*** Records to process

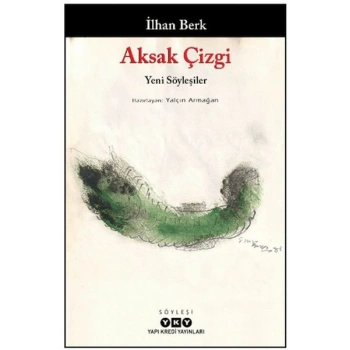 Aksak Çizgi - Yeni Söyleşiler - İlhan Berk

******
*** Records to process

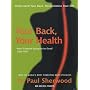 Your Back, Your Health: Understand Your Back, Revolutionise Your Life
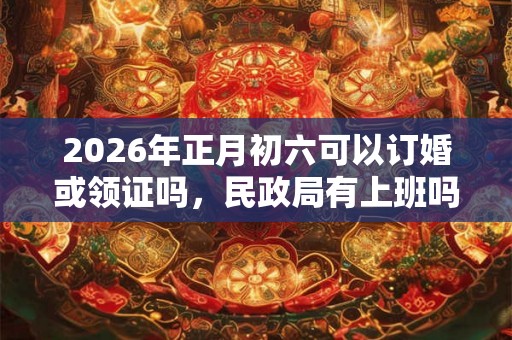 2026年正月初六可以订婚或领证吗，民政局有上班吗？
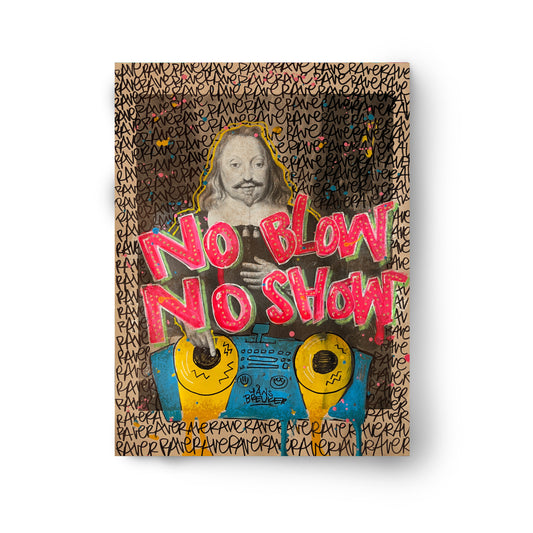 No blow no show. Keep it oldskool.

******

## Exercise goal
Beginning at the line above that contains "2026年正月初六可以订婚或领证吗，民政局有上班吗？" and going on through the line that contains "No blow no show. Keep it oldskool.", please copy every line exactly, leaving the pictures out and adding nothing.

## Exercise response
 2026年正月初六可以订婚或领证吗，民政局有上班吗？
 No blow no show. Keep it oldskool.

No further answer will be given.